The hon. Lady made an important point about the disparity between investigations of loyalist terrorism and investigations of republican terrorism. She should read the report carefully, because it contains some quite interesting figures relating to the number of loyalist murderers who have been brought to justice—and to some extent it is encouraging that that did happen—but I entirely agree with the thrust of her question, and that is why I think that the establishment of the Police Service of Northern Ireland has been so important.
When I visited one of the PSNI’s training colleges some years ago, I was struck by the fact that the ethos of the organisation was all about trying to bring the community together and trying to police the community together, and by the fact that it focused on recruiting from right across the community. I think I can give an assurance that the danger of there being different levels of investigation of different parts of the community will not arise again.
I thank the Prime Minister for his robust, honest and heartfelt statement and apology. I also thank Sir Desmond for his report and the Police Service of Northern Ireland for their continuing excellent work, and associate myself and my colleagues with, in particular, the comments of the hon. Member for Belfast East (Naomi Long) in expressing sympathy for and solidarity with the Finucane family.
Given that something deeply wrong was done on a regular basis by the state and agents of the state but there are now proper legal structures in which agents can work, will the Prime Minister assure us that in future no agents of the state or members of state institutions will work with the paramilitaries under cover, other than those whose actions have been authorised and have been reported to the authorities, and who are accountable to the relevant Committee of Parliament and to him?
I think that what my right hon.
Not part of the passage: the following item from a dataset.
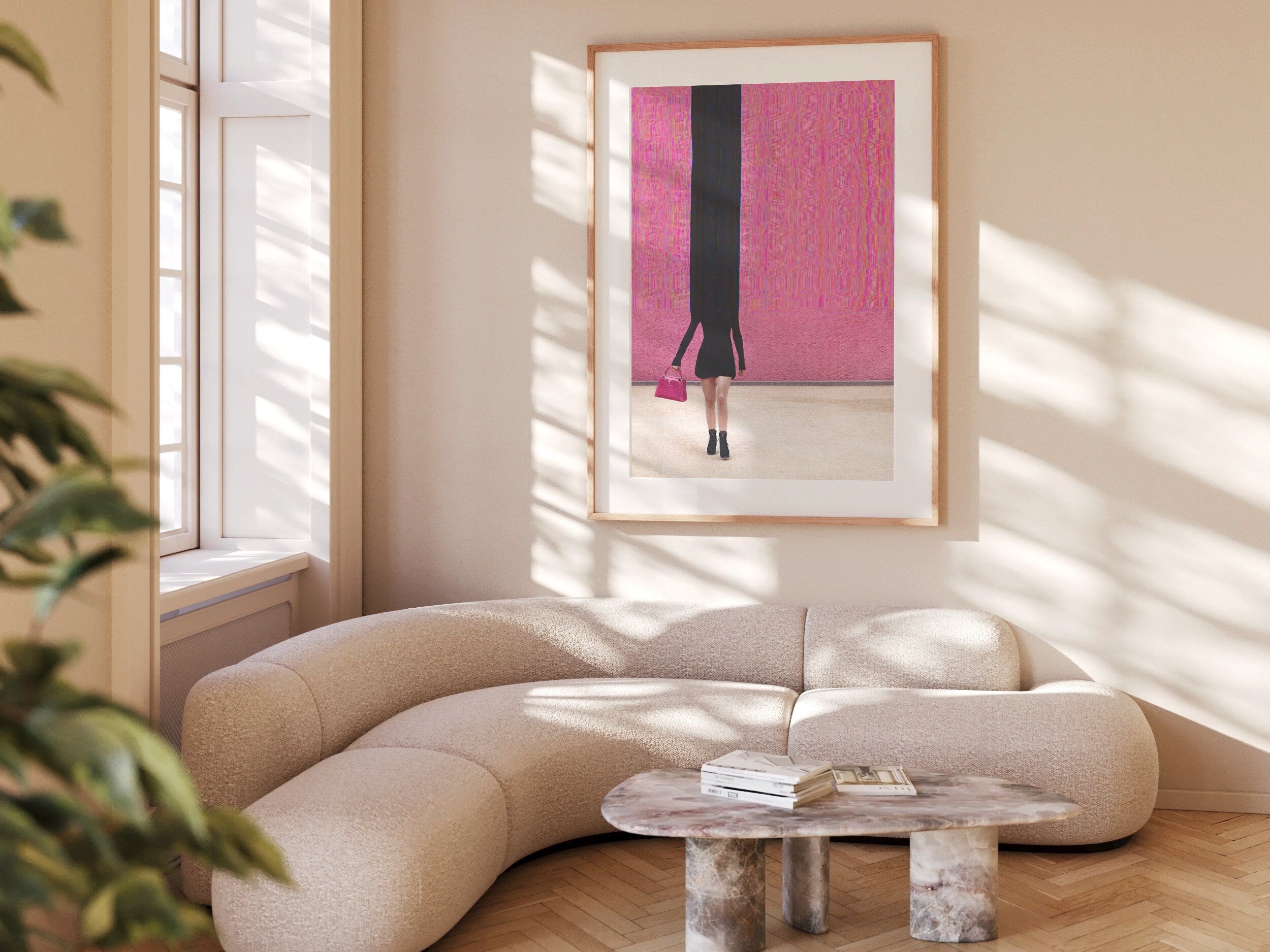 Surreal Altered Fashion Portrait Wall Art - Bold Pink Minimalist Decor for Home, Office, or Bedroom | Untitled (68) Giclée Print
Friend is asking is that there should be no circumstances in which there are rogue agents. These things must be done within the law, within proper guidance and within proper procedures, as is entirely right. I can therefore give him the assurance for which he has asked.
I welcome the Prime Minister’s statement and his apology, and I welcome the tone of his statement. Like him, I do not think that a full new independent public inquiry into this very tragic matter would serve any purpose for anyone, but does he agree that the way in which the Government and the country can accept its failings should serve as a lesson to other countries? Does he not think that the Irish Government might consider looking into some of the rumours, and actual evidence, of collusion between the Irish police over such terrible atrocities as the Kingsmill bombing?
I thank the hon. Lady for her support. I hope that others can see that we are holding back nothing, but opening up and showing what happened in all its unbelievable ghastliness. I hope that the Irish Government will appreciate that, while perhaps still believing that a different path should be taken.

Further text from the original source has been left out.